Mais en l’occurrence faut-il qualifier le laisser-faire de l’ancienne ministre de l’économie de faute politique ou de négligence fautive ? Faute politique vraisemblablement en ce que, mue par ses seules aspirations personnelles de grandeur, Mme Lagarde s’est abstenue de démissionner lorsqu’elle a vu, noir sur blanc, le montant excessif accordé aux époux Tapie par rapport à ce que ces derniers auraient peut-être pu obtenir, après encore quelques années d’attente et de procédures, devant les juridictions de droit commun.

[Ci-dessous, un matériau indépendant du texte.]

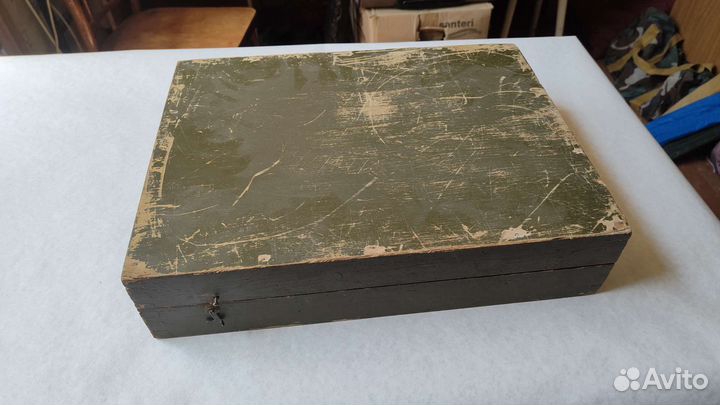 Деревянные ящики армейские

Et cette faute politique peut-elle être qualifiée de négligence pénale fautive dans la mesure où la décision de recourir à l’arbitrage et de ne pas former un recours a été prise, non par elle mais au plus haut niveau de l’État ?

Quoi qu’il en soit, Christine Lagarde aurait dû se révolter, elle aurait dû dire non à Nicolas Sarkozy et à ses sbires, semble avoir jugé la Cour de justice de la République qui, néanmoins, brave fille, fait quand même un geste en la dispensant de peine et d’une non-inscription à son casier judiciaire, ce qui rend la décision encore plus incompréhensible et encore plus illisible.

Une négligence fautive de 400 millions d'euros non sanctionnée

L’article 132-58 du code pénal prévoit qu’en matière correctionnelle, la juridiction peut, après avoir déclaré le prévenu coupable, dispenser le prévenu de toute peine. La dispense de peine peut être accordée — ce qui implique qu’elle doit avoir été demandée — lorsqu’il apparaît que le reclassement du coupable est acquis, que le dommage causé est réparé et que le trouble résultant de l’infraction a cessé.

Or, en substance, le parquet concluait à la relaxe et l’avocat de la prévenue, Patrick Maisonneuve, n’en demandait pas moins. La Cour n’était donc saisie d’aucune demande de dispense de peine et, en toute hypothèse, il ne lui avait été fourni aucun justificatif quant au reclassement du coupable, la réparation du dommage et la cessation du trouble.

C’est donc proprio motu que la CJR a accordé cette dispense de peine non sollicitée en la justifiant par le fait que les conséquences de l’absence de recours ont été « corrigées » par l’annulation de l’arbitrage par l’arrêt du 17 février 2015 de la cour d’appel de Paris et en considération du « contexte de crise financière mondiale » à ce moment-là ainsi qu’à la « réputation » nationale et internationale de la prévenue.

Déclaration de Christine Lagarde, 19 déc. 2016.

Une décision politique pour une infraction faussement pénale. Mme Lagarde qualifie cette décision la déclarant coupable et la dispensant de peine de « curieuse ».